*** Opening of INPUT RECORDS ***

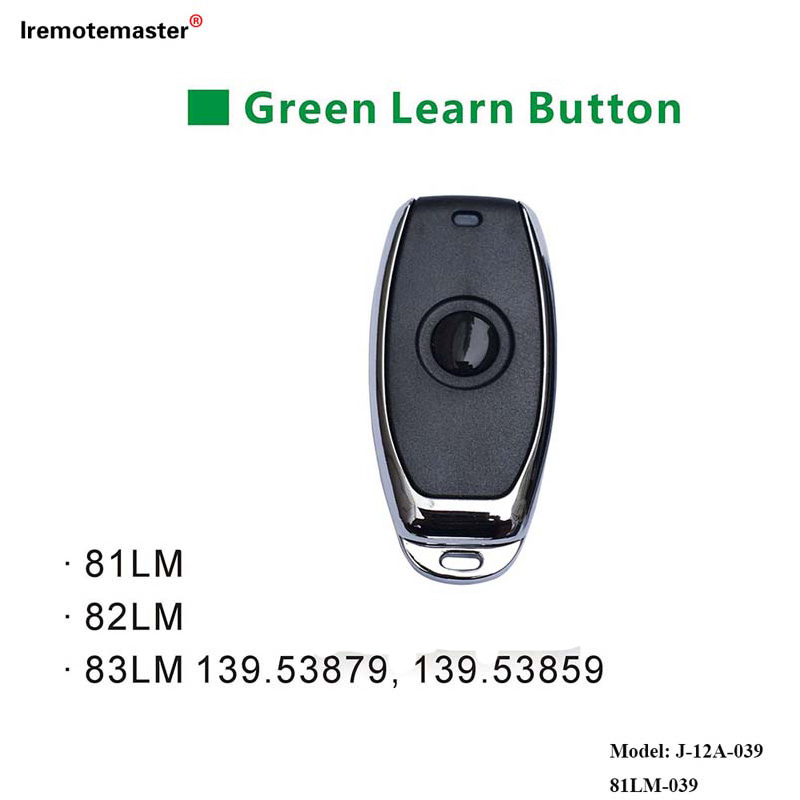 Para 81LM 82LM 83LM Botón de aprendizaje verde 390MHz Control remoto de puerta de garaje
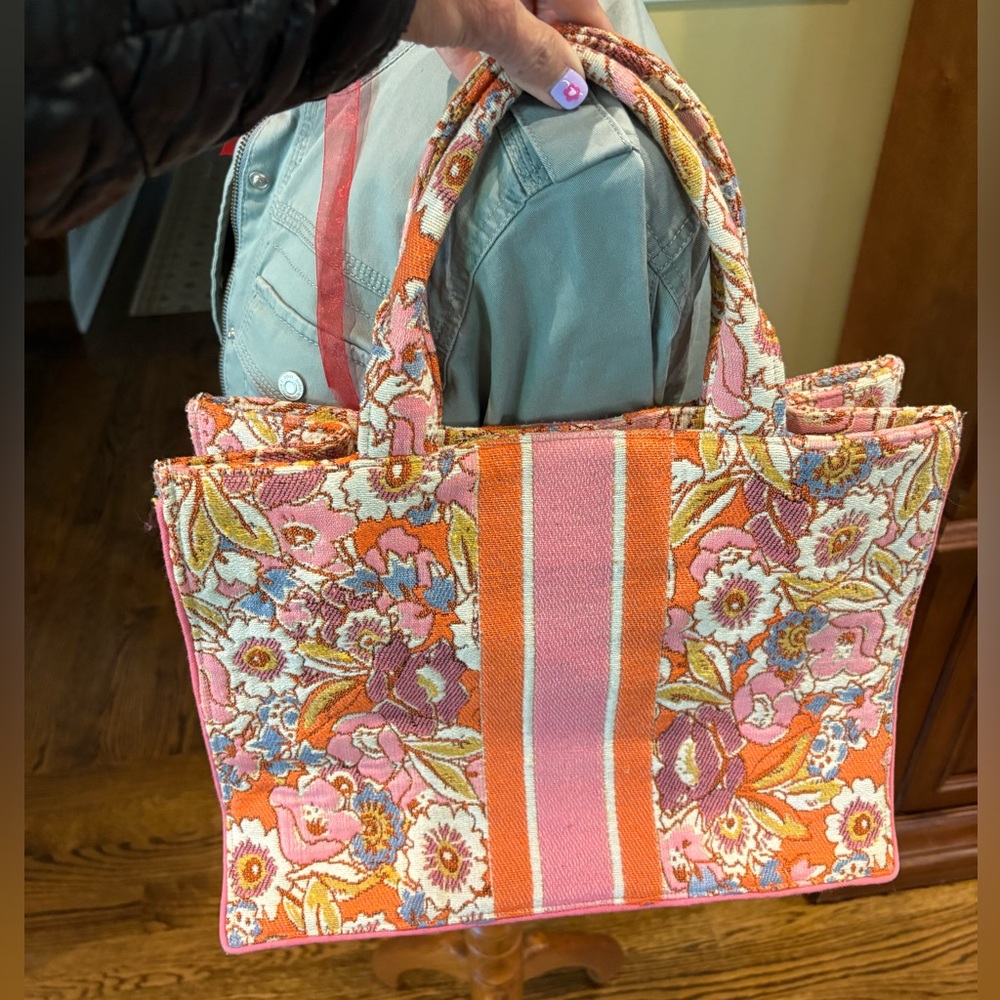 Shiraleah Floral Tote Bag - Pink and Orange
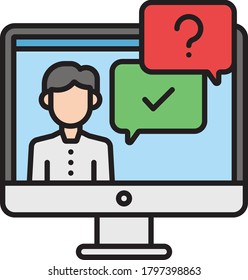Online question icon vector illustration design
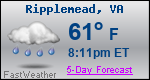 Weather Forecast for Ripplemead, VA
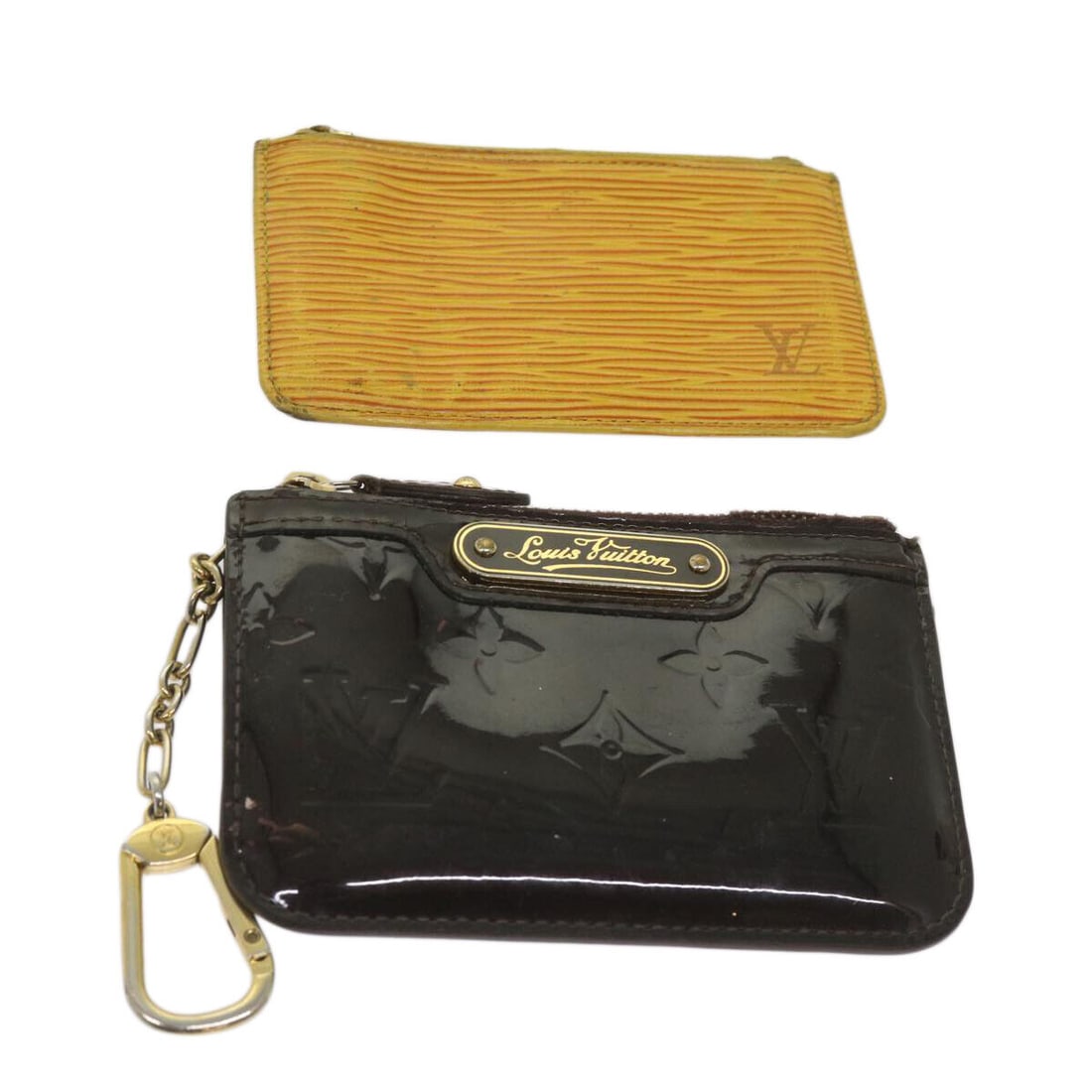 LOUIS VUITTON Epi Vernis Coin Purse: LOUIS VUITTON Epi Vernis Coin Purse 2Set Yellow Amarante LV Auth 66327 Condition: Pre-owned Seller Notes: ?Pre-owned: An item that has been Pre-Owned or worn previously. See the sellers listing for fu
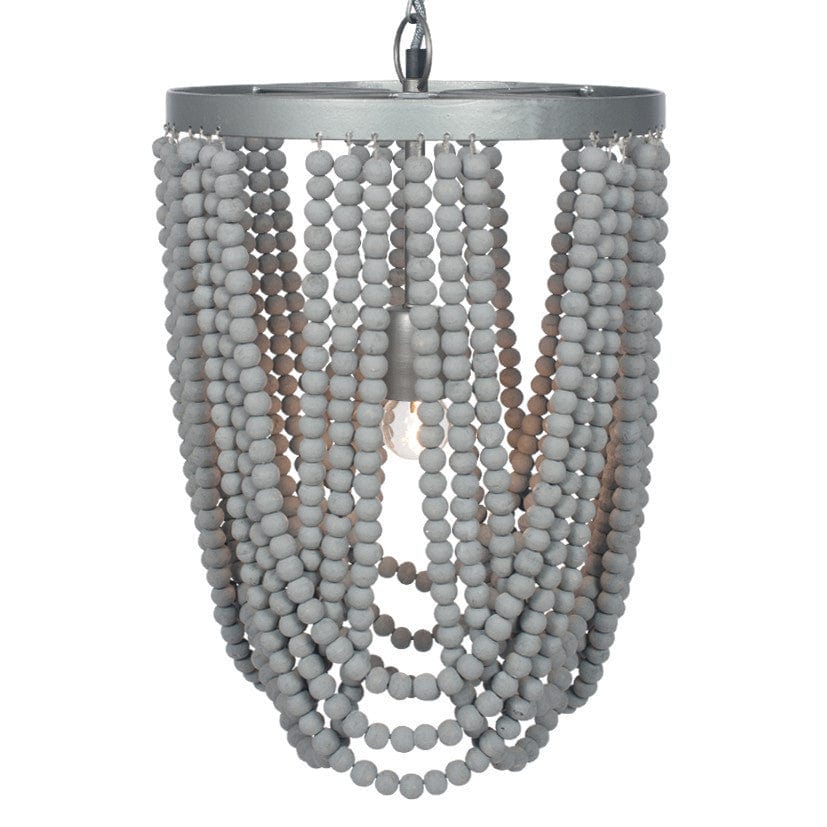 Pacific Lifestyle Lighting Bonneval Grey Wash Wood Bead Sash Pendant House of Isabella UK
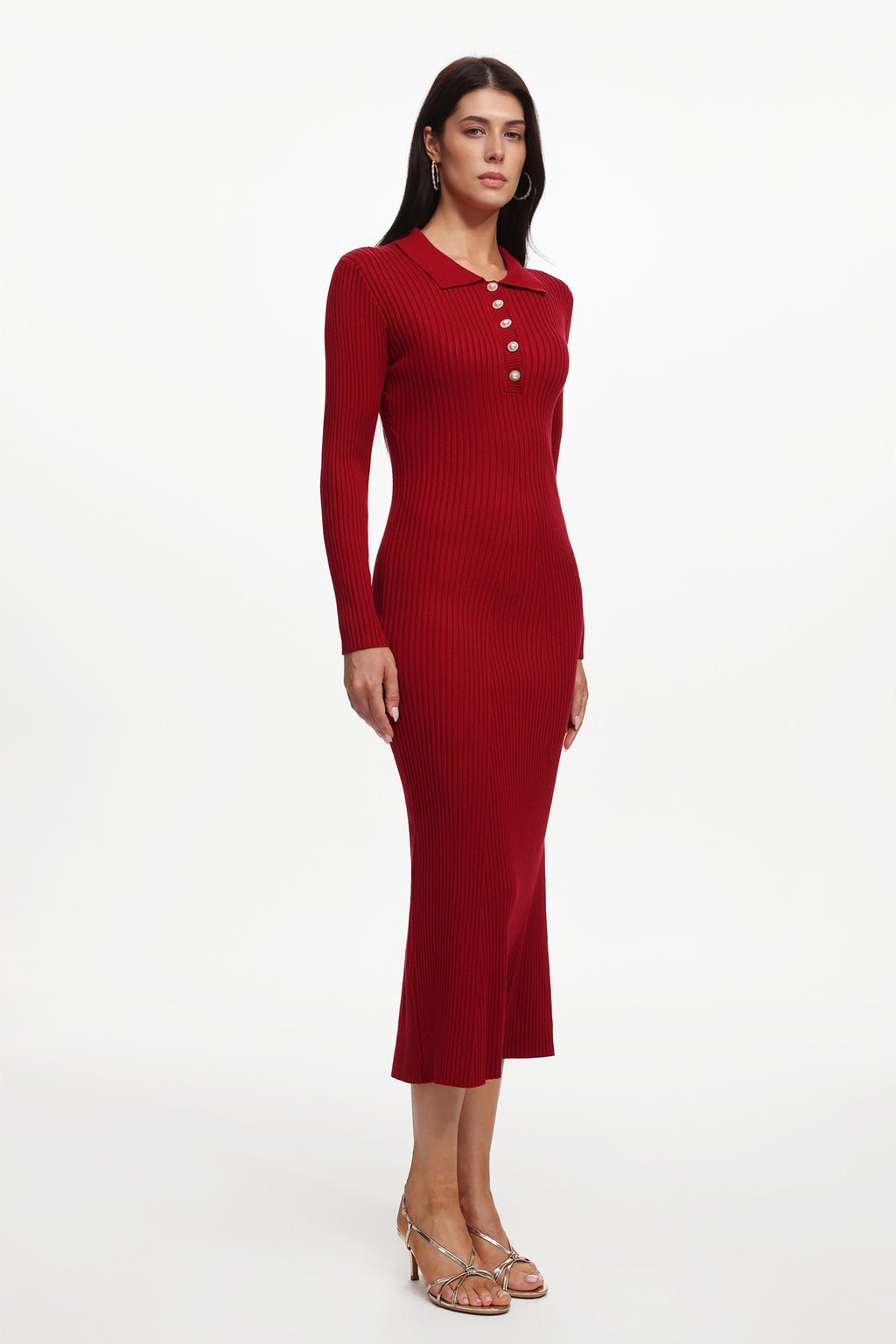 Morwenna Elegant Contour Long Sleeve Pearl Knit Maxi Dress	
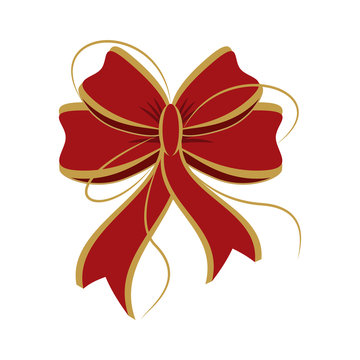 ribbon bow in red and gold christmas related icon image vector illustration design 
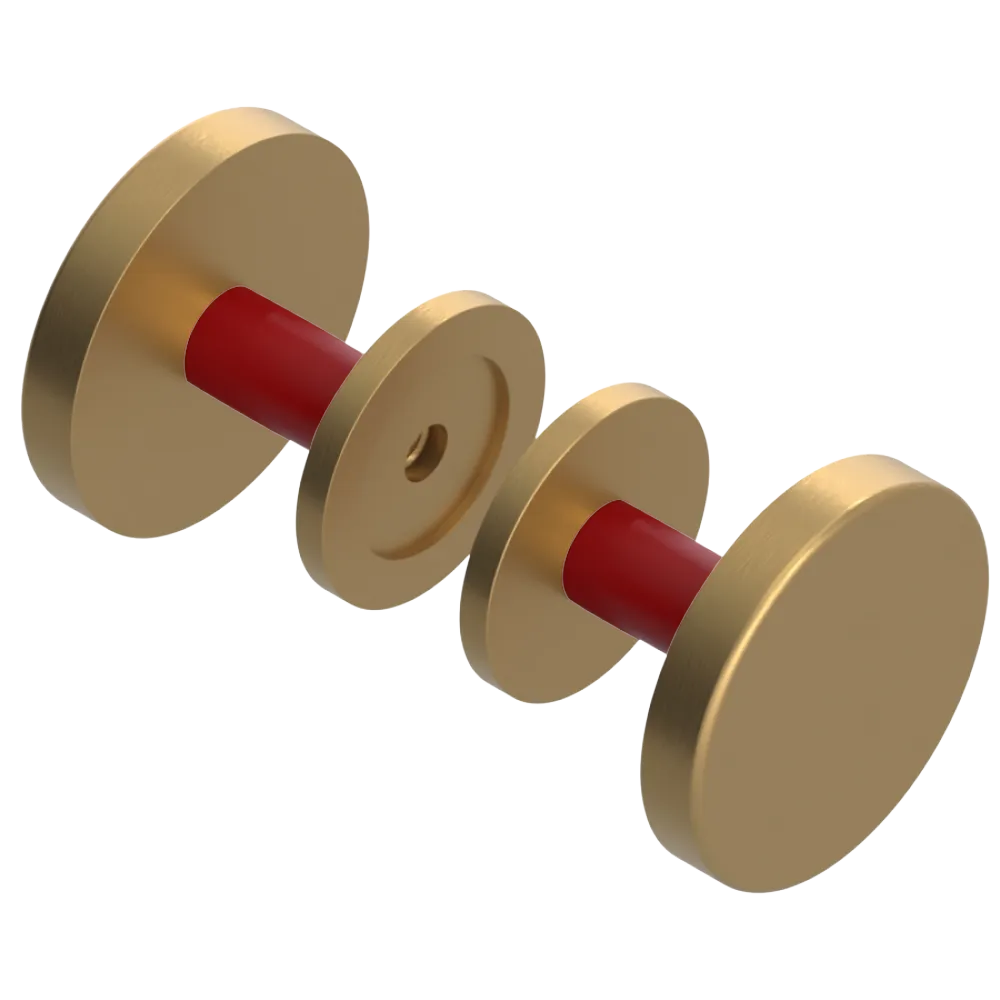 Rubinet Shower Door Knob (set) Satin Gold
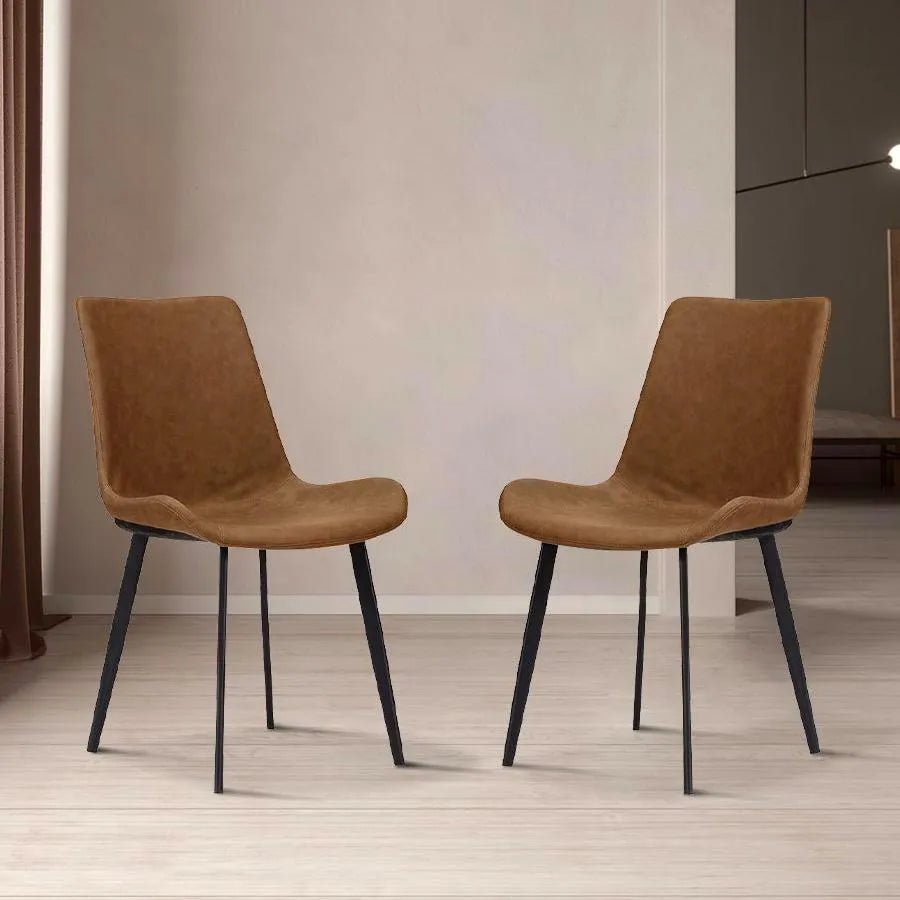 Rivaro Contemporary Leather Dining Chairs (Set of 2) - Exclusivia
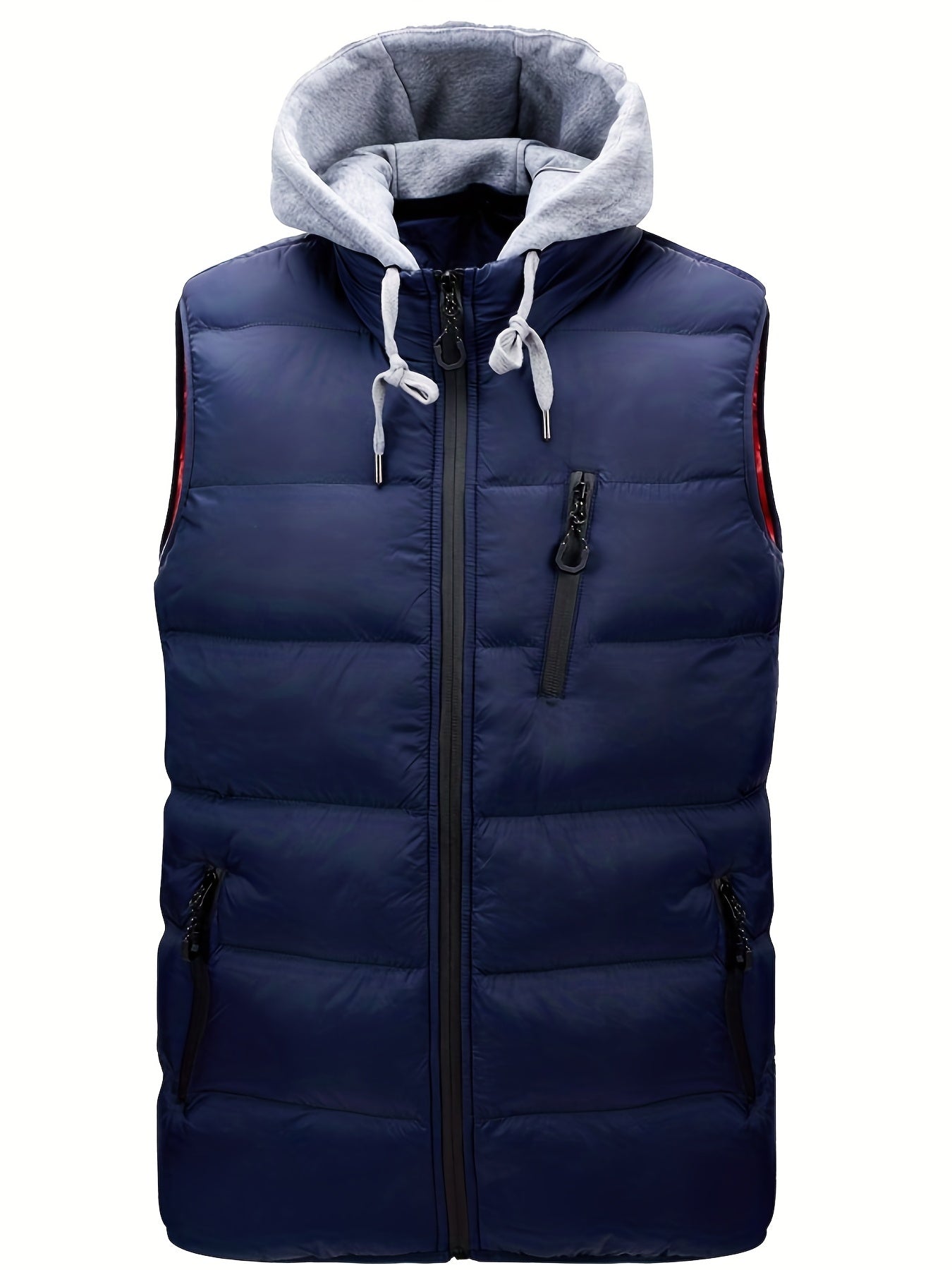 Men's Hooded Winter Vest Zip Up Casual Zipper Pockets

*** Close of INPUT RECORDS ***

THE PROBLEM
All lines from the beginning of the material above through the line holding "Weather Forecast for Ripplemead, VA" are to be given again exactly, and no others; pictures do not go in.

FINAL ANSWER
 Para 81LM 82LM 83LM Botón de aprendizaje verde 390MHz Control remoto de puerta de garaje
 Shiraleah Floral Tote Bag - Pink and Orange
Online question icon vector illustration design
 Weather Forecast for Ripplemead, VA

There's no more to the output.